Saturday, October 22, 2016

tombs of the blind dead


Sometimes my initial reaction to a movie we see in Keith's class can be a bad predictor of how I'll feel about it a few days, weeks or months later. For example, I laughed off I Drink Your Blood as silly drive-in faire, but it stayed in my mind, and I couldn't help but think about it. And now it remains as one of my favorites from the class.

So now I'm trying to figure out what it means that, a couple days after seeing Tombs of the Blind Dead, I haven;t really thought about it much.

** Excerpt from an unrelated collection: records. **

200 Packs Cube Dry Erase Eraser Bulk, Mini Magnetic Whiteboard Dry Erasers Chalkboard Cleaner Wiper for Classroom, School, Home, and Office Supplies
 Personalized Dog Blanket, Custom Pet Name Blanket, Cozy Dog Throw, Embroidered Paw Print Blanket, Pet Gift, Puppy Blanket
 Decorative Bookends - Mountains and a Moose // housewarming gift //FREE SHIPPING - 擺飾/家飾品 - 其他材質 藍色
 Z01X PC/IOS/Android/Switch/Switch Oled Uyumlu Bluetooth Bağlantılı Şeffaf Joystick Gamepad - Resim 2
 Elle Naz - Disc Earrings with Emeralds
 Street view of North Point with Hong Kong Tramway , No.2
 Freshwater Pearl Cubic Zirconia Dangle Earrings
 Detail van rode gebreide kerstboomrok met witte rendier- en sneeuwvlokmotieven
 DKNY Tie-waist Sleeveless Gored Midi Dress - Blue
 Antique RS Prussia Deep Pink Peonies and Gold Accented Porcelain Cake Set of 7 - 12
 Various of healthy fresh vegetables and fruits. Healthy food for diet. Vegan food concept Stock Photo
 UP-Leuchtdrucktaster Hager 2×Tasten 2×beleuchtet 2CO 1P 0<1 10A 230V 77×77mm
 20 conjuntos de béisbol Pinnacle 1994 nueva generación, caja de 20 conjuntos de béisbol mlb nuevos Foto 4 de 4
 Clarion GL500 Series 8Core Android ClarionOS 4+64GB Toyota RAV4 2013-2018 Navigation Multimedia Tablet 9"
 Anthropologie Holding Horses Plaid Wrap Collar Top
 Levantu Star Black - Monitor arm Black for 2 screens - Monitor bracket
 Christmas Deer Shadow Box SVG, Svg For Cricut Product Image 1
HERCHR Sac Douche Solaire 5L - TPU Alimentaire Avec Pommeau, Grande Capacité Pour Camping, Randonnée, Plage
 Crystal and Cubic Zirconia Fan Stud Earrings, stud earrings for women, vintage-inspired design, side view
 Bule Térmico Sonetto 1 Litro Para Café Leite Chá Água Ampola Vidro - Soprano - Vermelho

I liked TotBD when we saw it. I think I gave it an 8. It was an original monster story, which gives it points. And the scenes of the blind dead, when they were on horseback, were really well done. They made the monsters seem ethereal and haunting. I also loved the ambiguous ending. Joe didn't like the ending for the prcisely the same reasons that I liked it. But I suppose  that's why Baskin Robbins has 31 flavors. The scenes with the monsters were suspenseful, without relying on jump scares -- I don't like jump scares. So there was a lot to like.

But there was also stuff to criticize. There were some sequences (between the action) that went on way too long. The whole scene when Virginia finds the old abbey is a good example. "Hello?" "Is there anyone here?" "Hello?" I kept wanting to scream at the screen "THERE'S NO ONE THERE YOU FRICKIN' MORON! GET A GODDAMN CLUE!"  Of course, Joe thought that extended scene was good in that it built tension. Maybe BR needs 32 flavors.

We, the class, were also trying to figure out the point behind the lesbian scene near the beginning -- though we could theorize that it tied into the rape scene late in the movie. But it really wasn't necessary. Keith had pointed out that de Ossorio seemed to work a lesbian scene and a rape scene into each of his movies. So maybe it's just that he has issues with women. That would also explain the torture scene where a woman (a virgin, natch!) gets tortured to death by the Templar Knights. But that's between him and his shrink. I guess.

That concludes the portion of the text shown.